L'esplosivo piano di Bazil
Dopo le primissime immagini ambientate nel deserto del Marocco, con una mina che esplode uccidendo un uomo, passa qualche anno e, in anticipo rispetto ai titoli di testa, abbiamo un’avvincente sequenza in cui il giovane Bazil alias Dany Boon ("Giù al Nord"), figlio della vittima, finisce per ritrovarsi accidentalmente una pallottola in testa, mentre scorre in un televisore acceso il momento conclusivo de "Il grande sonno" (1946) di Howard Hawks.
Dimesso dall’ospedale e rimasto senza una casa, è lui il protagonista del sesto lungometraggio diretto dal francese Jean-Pierre Jeunet (candidato all’Oscar per "Il favoloso mondo di Amélie"), nel quale decide di vendicarsi nei confronti dei fabbricanti delle armi che hanno causato tutte le sue sofferenze affiancato da una bizzarra combriccola di feroci rigattieri che lo accolgono nella sorta di caverna di Alì Babà in cui vivono.
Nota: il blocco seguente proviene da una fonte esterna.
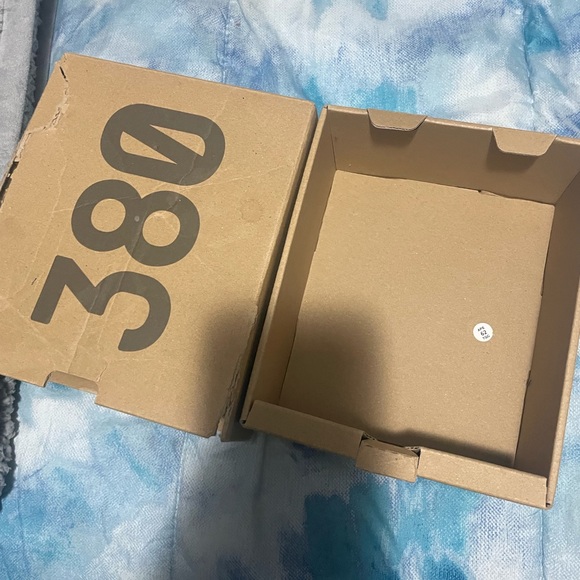 Yeezy boost 380 infant - Picture 3 of 4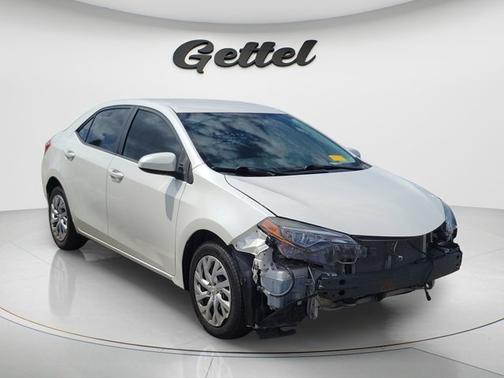 Blizzard Pearl 2019 Toyota Corolla LE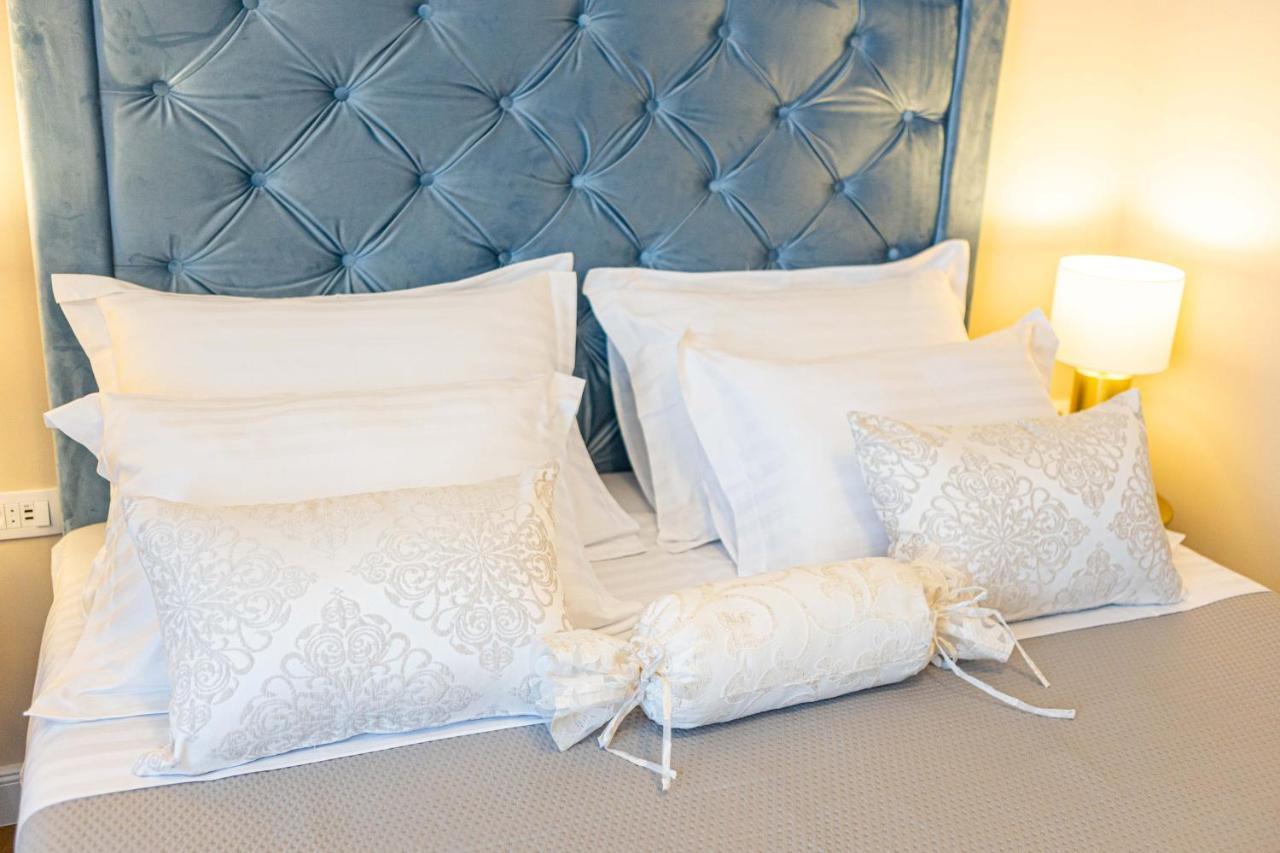 City And Style Luxury Rooms สปลิท ภายนอก รูปภาพ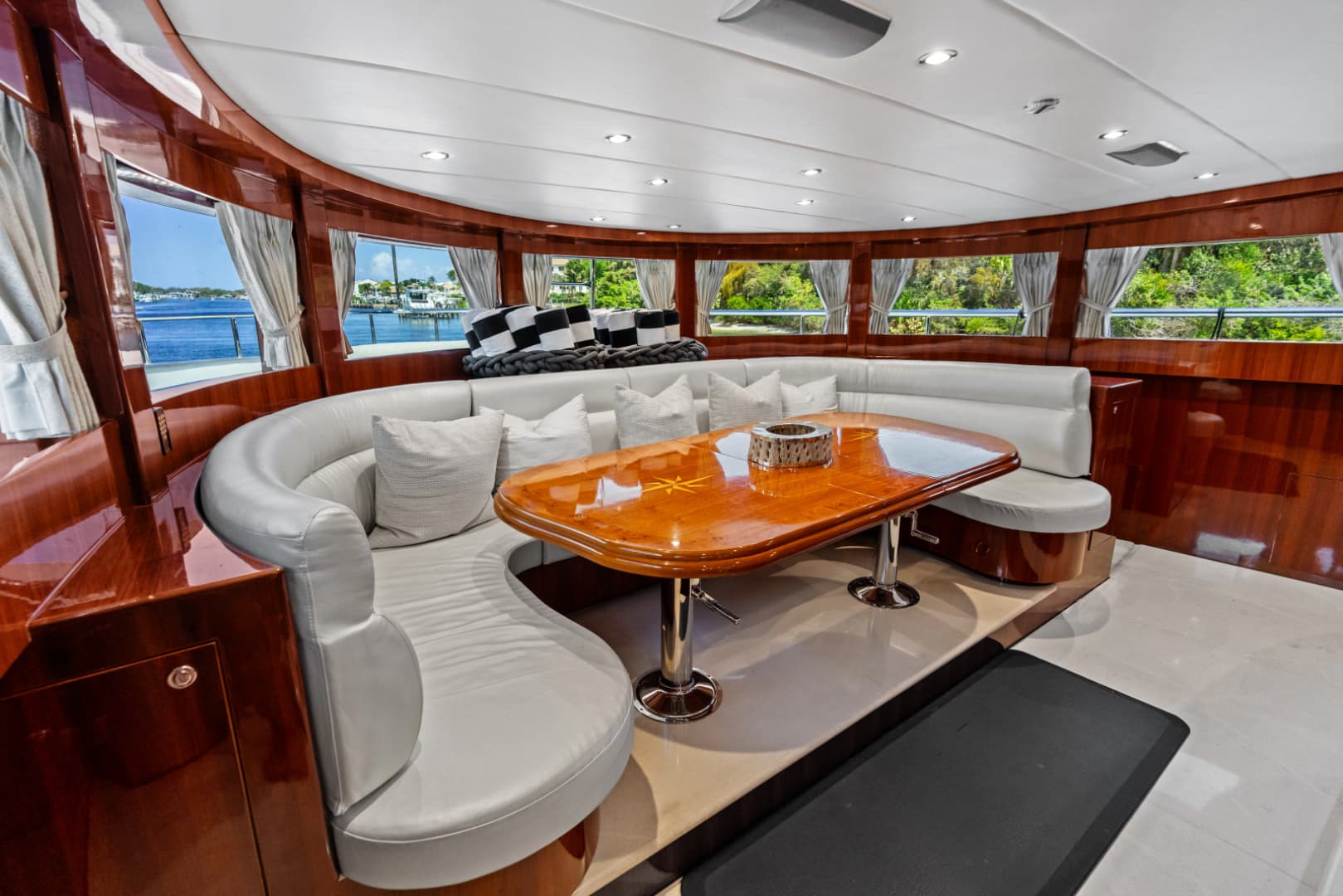 2005 Johnson 87' Motor Yacht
Rigattieri che, comprendenti, tra gli altri, una donna elastica con le fattezze di Julie Ferrier ("Mr Bean’s holyday") e il Buster interpretato da Dominique Pinon ("Delicatessen"), attore feticcio di Jeunet, si trovano ad avere a che fare sia con demenziali imprese che sembrano uscite dai cartoon di Tex Avery (si pensi al momento in cui un paio di loro vengono sparati con un cannone) che con truffaldini stratagemmi tanto cari anche alle nostre produzioni di genere, dai poliziotteschi ironici con Tomas Milian ai due "Febbre da cavallo".
Anche se, dovendo proprio fare un paragone con il cinema italiano, è soprattutto il grande Vittorio De Sica a tornare vagamente alla memoria nell’assistere a questa moderna favola anti-bellica che, ponendo l’ennesima gang di perdenti in lotta contro il solito gruppo di spietati giganti industriali, individua i suoi principali punti di riferimento nelle pellicole del muto e in quelle realizzate da Charlie Chaplin.
Pellicole il cui aspetto viene richiamato sia dalle performance dei bravi protagonisti che dall’uso della bella colonna sonora a firma dell’esordiente Raphaël Beau, mentre il regista, complice l’ottimo lavoro svolto dalla scenografa Aline Bonetto ("Una lunga domenica di passioni") e dal direttore della fotografia Tetsuo Nagata ("Splice"), immerge il tutto in affascinanti, colorate immagini che poco si distaccano dal già citato universo dei cartoon.
Fino alla coinvolgente (a suo modo geniale) parte conclusiva di 105 minuti di visione che, forse eccessivamente veloci nel raccontare l’intreccio che caratterizza la loro fase centrale, rimangono comunque divertenti e confezionati con notevole professionalità.

La frase: "Sapete, Rimbaud ha cominciato poeta per finire mercante d’armi".